Configuring Splunk Generic Extractor
The "Moviri– Splunk Generic Extractor" connector aims at importing almost any Business Driver or System metric contained in your Splunk instance that are not specifically mapped by the other Splunk connectors provided by Moviri.
It works in a similar fashion to the built-in 'Generic' connectors available in BMC Helix Continuous Optimization and its main use case is the analysis from a capacity management perspective of custom metrics, for example:
- Baselining
- Historical analysis, seasonality identification
- Trending and forecasting
- Correlation with other metrics (specially infrastructure utilization) already present in BMC Helix Continuous Optimization (or in their turn imported from Splunk) to enable capacity modeling and what-if scenarios
In order to do so it must be provided with:
- A Splunk search query for retrieving results
- How the results of the query map into BMC Helix Continuous Optimization data model
At each execution, the connector
- Executes the provided search query (this step can be skipped for Splunk saved search)
- Retrieves the result set of the query
- Transforms the result set according to the specified mapping, producing BMC Helix Continuous Optimization Datasets
- Load the Datasets into CO
- Stores the most recent timestamp to be used as lower time boundary in the next execution
How to specify the search query for retrieving results
Two options are available for specifying the search query:
- a Splunk "saved search": i.e. a ready to use search saved on Splunk instance which can retain historical results of previous executions for a settable retention period and/or be scheduled to be periodically executed.
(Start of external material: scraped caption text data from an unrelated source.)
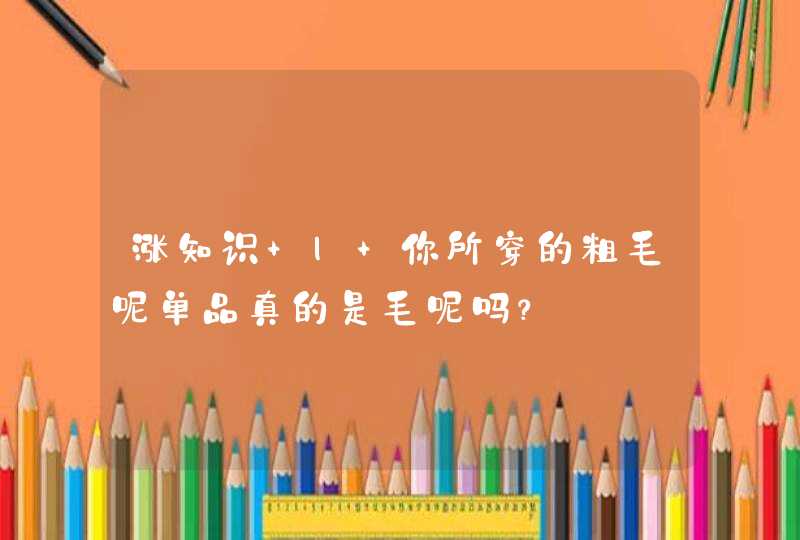 涨知识 | 你所穿的粗毛呢单品真的是毛呢吗？,第1张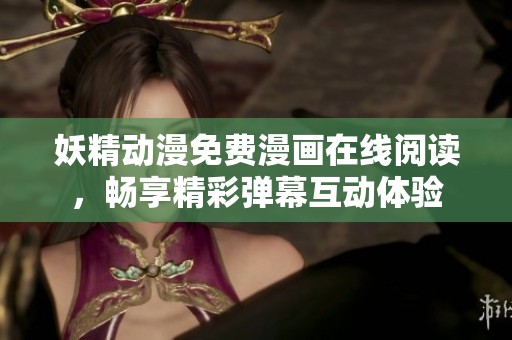 妖精动漫免费漫画在线阅读，畅享精彩弹幕互动体验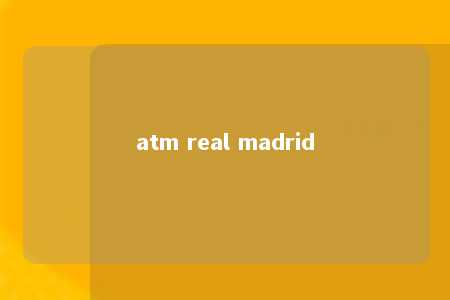 atm real madrid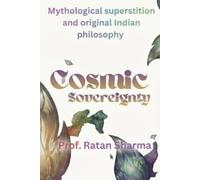 Cosmic Sovereignty: Mythological Superstitions and the original Indian philosophy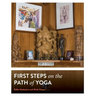First Steps on the Path of Yoga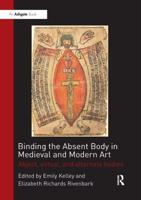 Binding the Absent Body in Medieval and Modern Art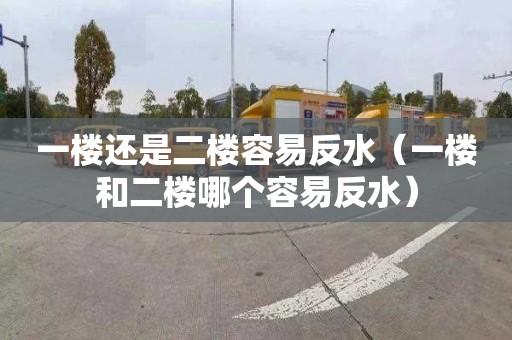 一樓還是二樓容易反水（一樓和二樓哪個(gè)容易反水）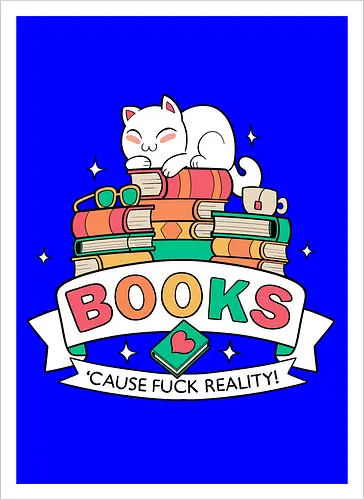 Books - cause fuck reality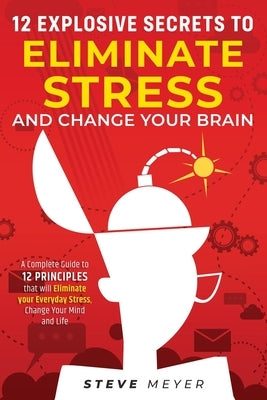 12 Explosive Secrets To Eliminate Stress And Change Mind: Complete Guide To 12 Principles That Will Eliminate Your Everyday Stress, Change Your Mind A by Meyer, Steve
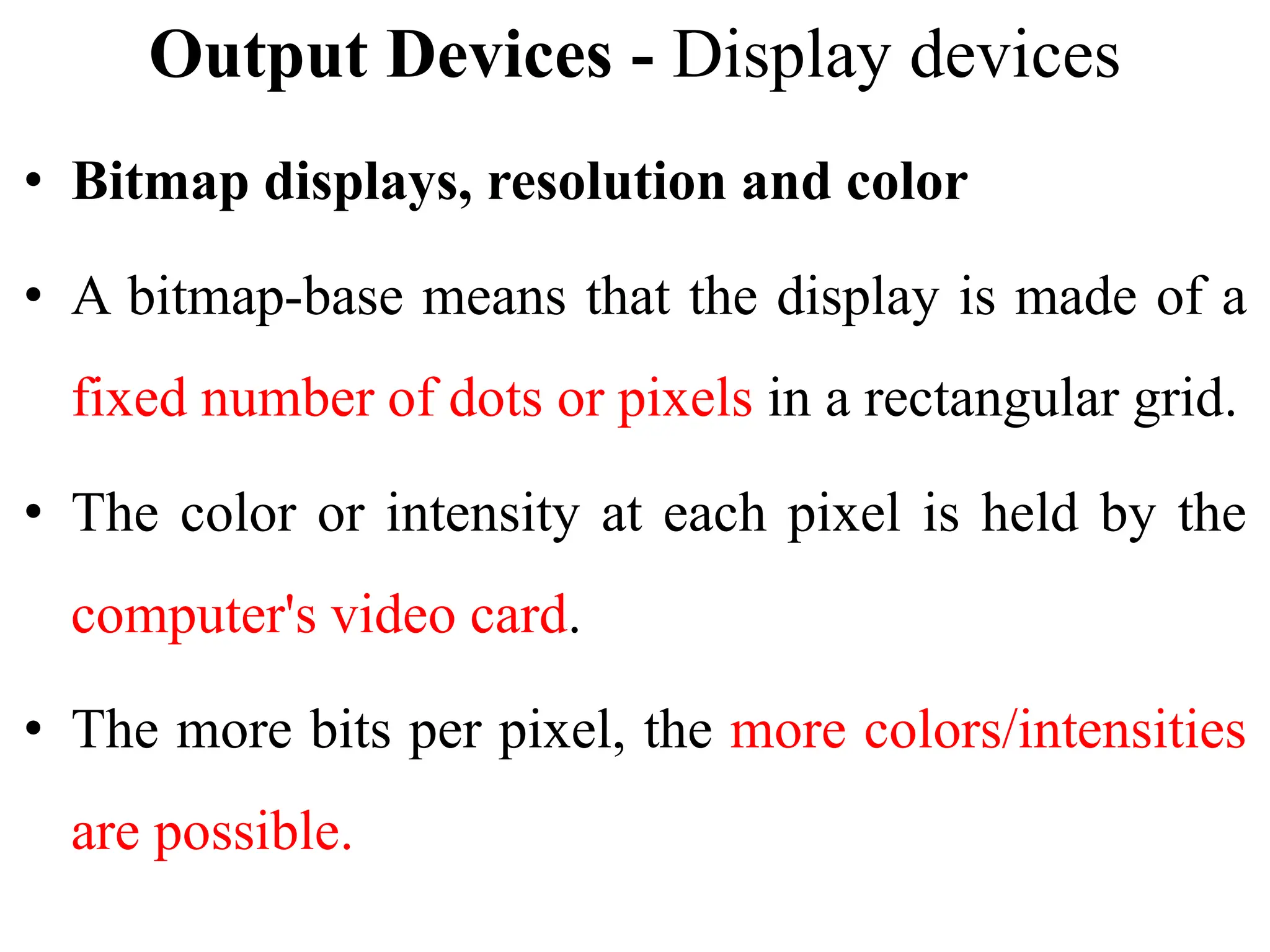 Output Devices - Display devices
• Bitmap displays, resolution and color
• A bitmap-base means that the display is made of a
fixed number of dots or pixels in a rectangular grid.
• The color or intensity at each pixel is held by the
computer's video card.
• The more bits per pixel, the more colors/intensities
are possible.
 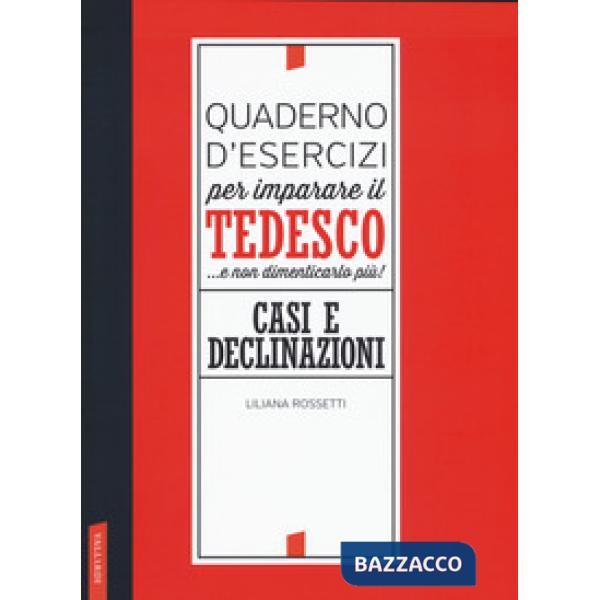 Quaderno d'esercizi per imparare il tedesco... e non dimenticarlo più! Casi e de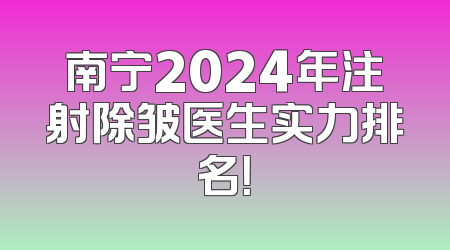 南宁2024年注射除皱医生实力排名！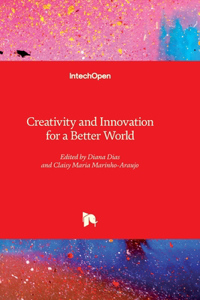 Creativity and Innovation for a Better World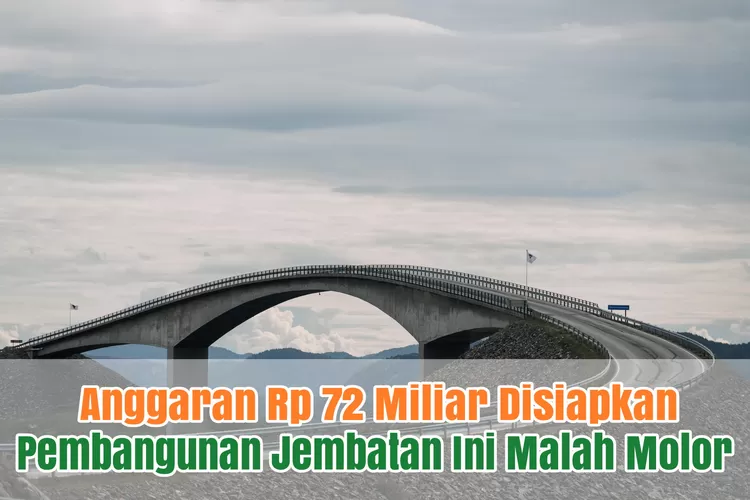 Anggaran Rp 72 Miliar Disiapkan, Pembangunan Jembatan Tanpa Tiang Di ...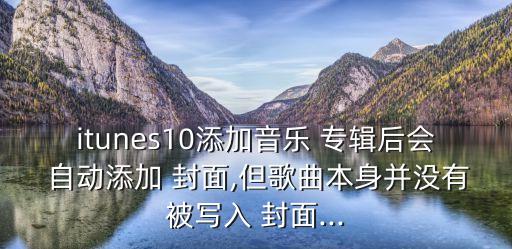 itunes10添加音樂(lè) 專(zhuān)輯后會(huì) 自動(dòng)添加 封面,但歌曲本身并沒(méi)有被寫(xiě)入 封面...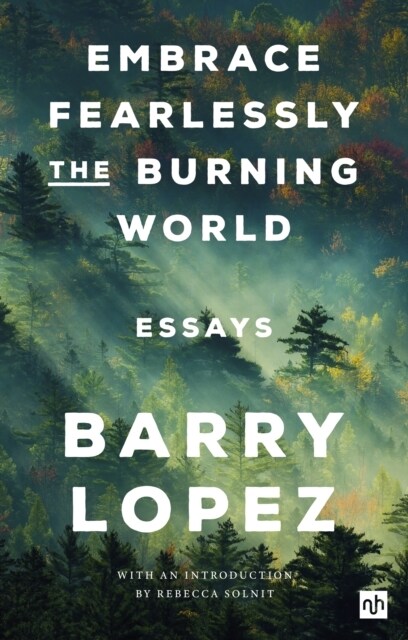 Embrace Fearlessly the Burning World : Essays (Paperback)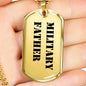 Military Father - 18k Gold Finished Luxury Dog Tag Necklace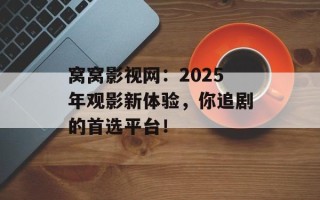 窝窝影视网：2025年观影新体验，你追剧的首选平台！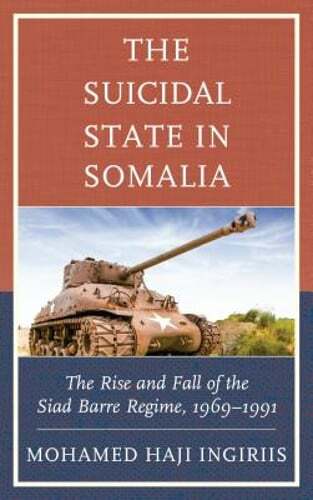 The Suicidal State in Somalia: The Rise and Fall of the Siad Barre Regime, 1969 - Picture 1 of 1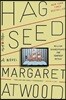 Hag-Seed: William Shakespeare's the Tempest Retold: A Novel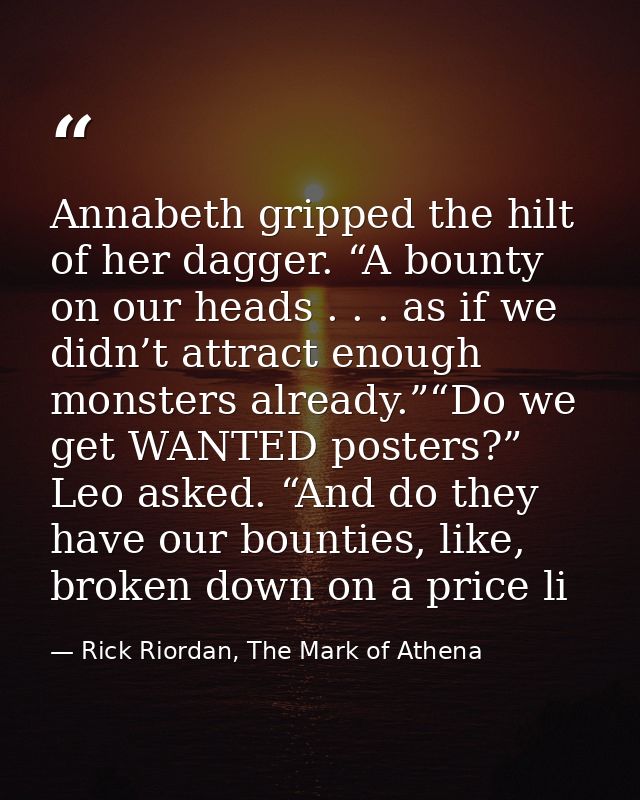 Annabeth gripped the hilt of her dagger. “A bounty on our heads . . . as if we didn’t attract enough monsters already.”“ — Rick Riordan, The Mark of Athena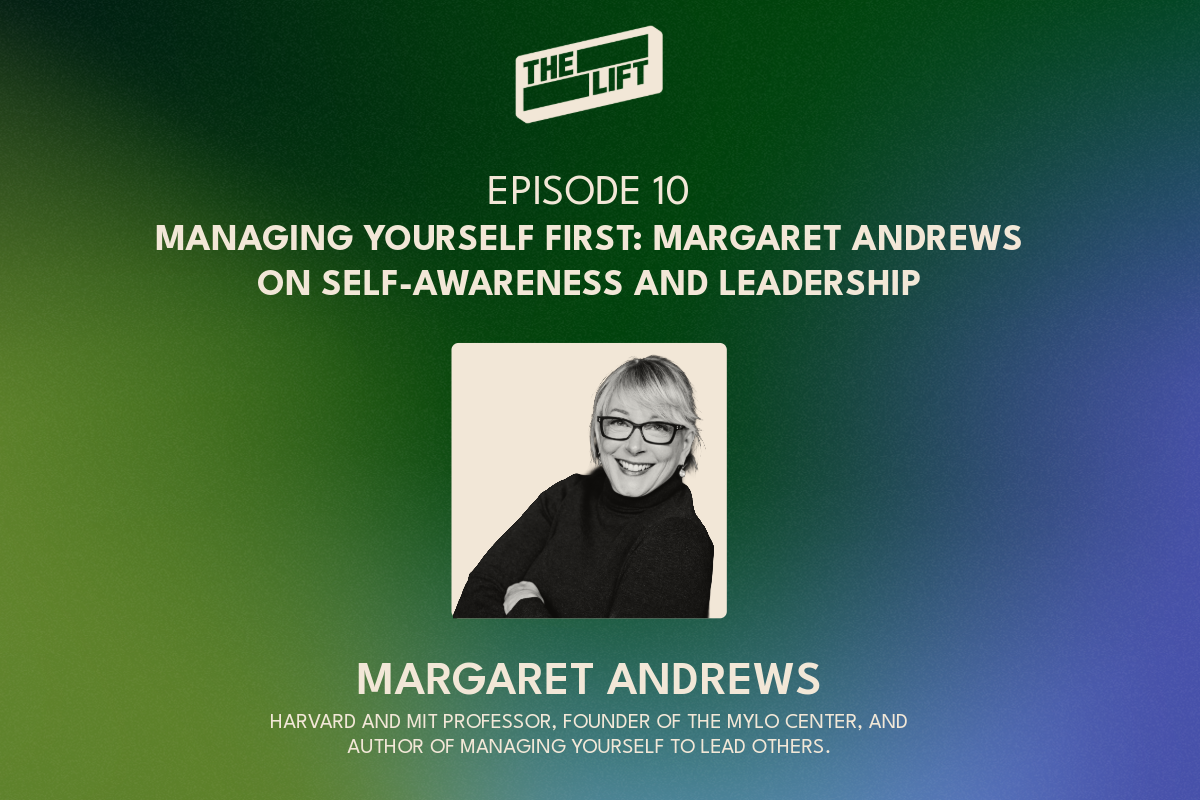 Episode 10 - Managing yourself first: Margaret Andrews on self-awareness and leadership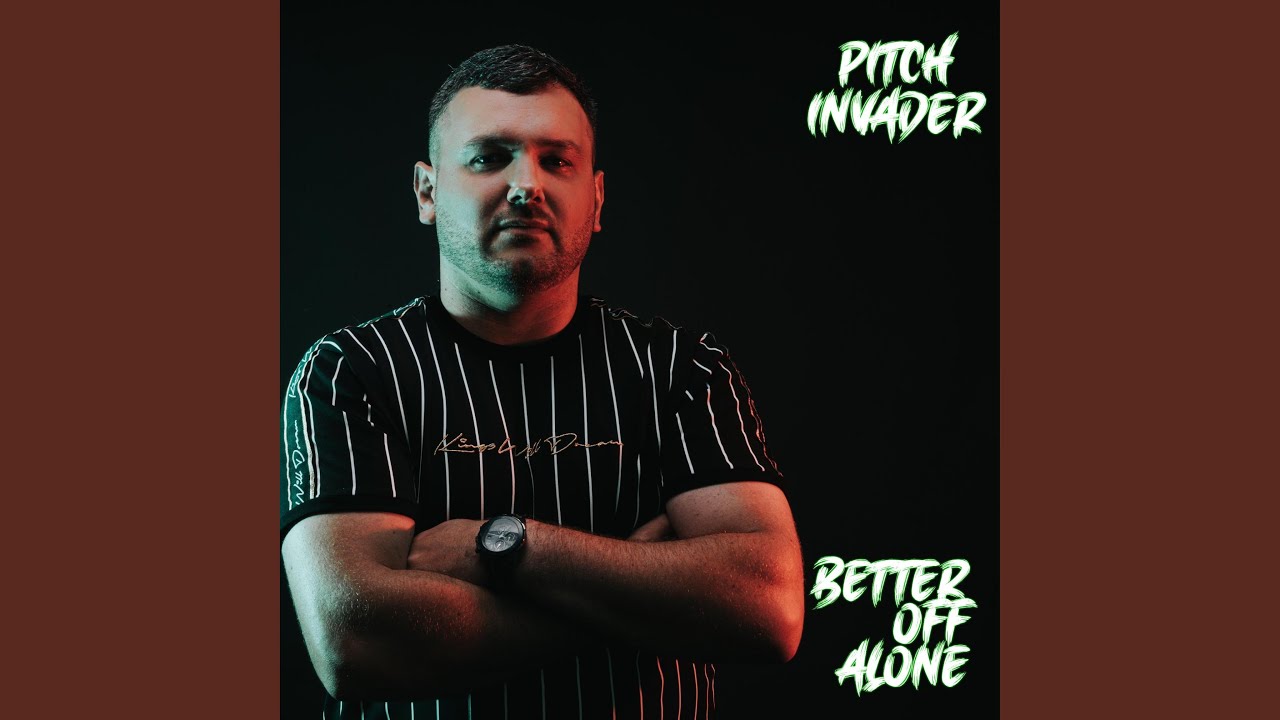 Better Off Alone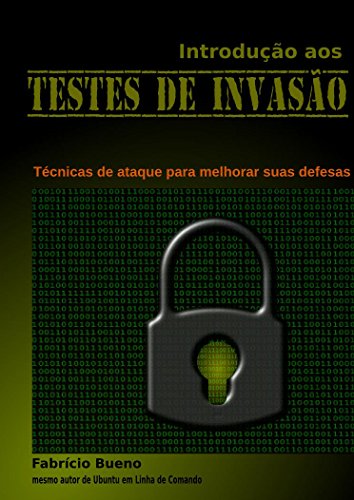 Introdução aos Testes de Invasão: Técnicas de ataque para melhorar suas defesas (Portuguese Edition)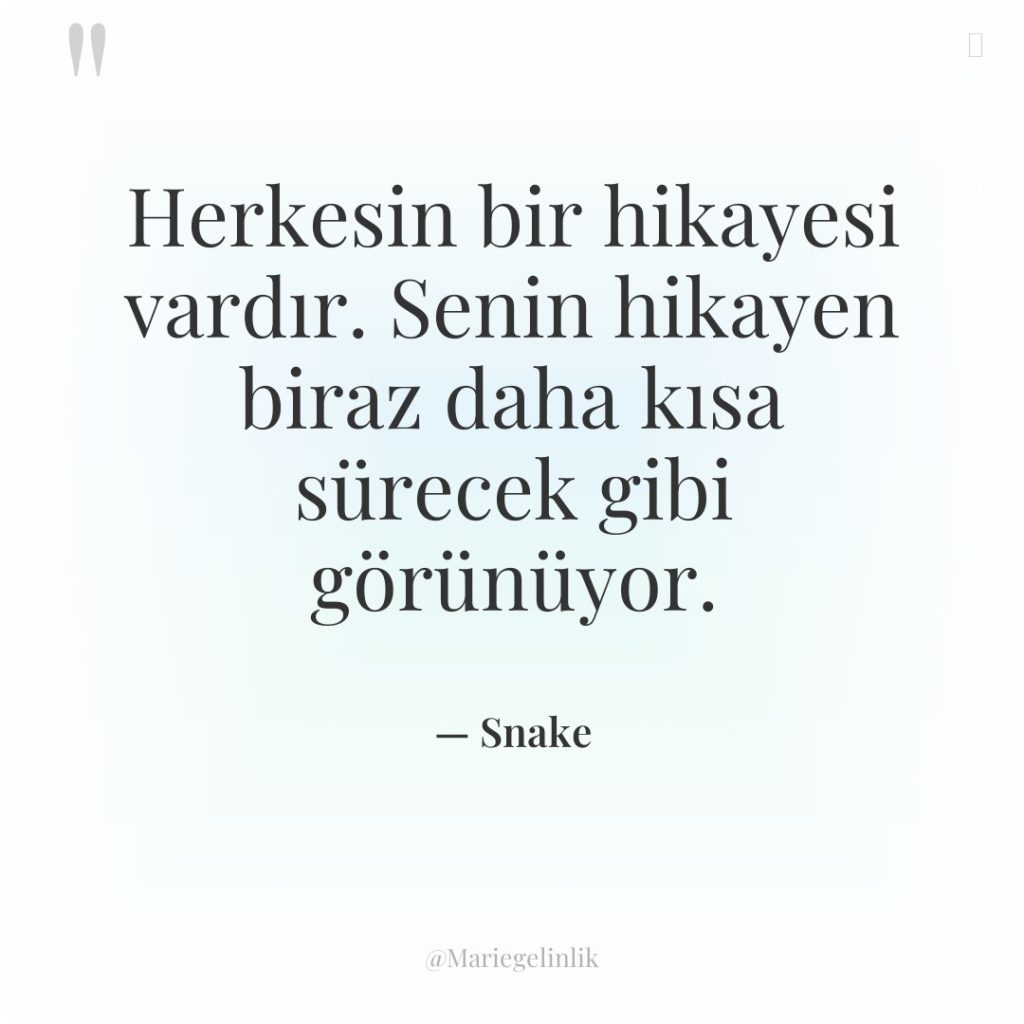 Herkesin bir hikayesi vardır. Senin hikayen biraz daha kısa sürecek…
Additionally, saved searches can be "accelerated" for faster execution. "Moviri Integration for BMC Helix Continuous Optimization – Splunk (Generic)" can exploit Splunk saved searches functionality to
- define queries on the Splunk side, thus avoiding the management and maintenance of search query syntax on the BMC Helix Continuous Optimization side
- rely on already available results produced by previous on-demand or scheduled executions, and only optionally execute the saved search if need arises
- take advantage of saved searches acceleration
- a search query text: the search is saved in the connector configuration properties and it is passed at each connector execution to the Splunk instance
In both cases search results must meet the following requirements:
- Results must come in a tabular format comprising multiple fields
- Each record of the results table must refer to the same aggregated period of time (e.g. one record for each hour, one record for each day…)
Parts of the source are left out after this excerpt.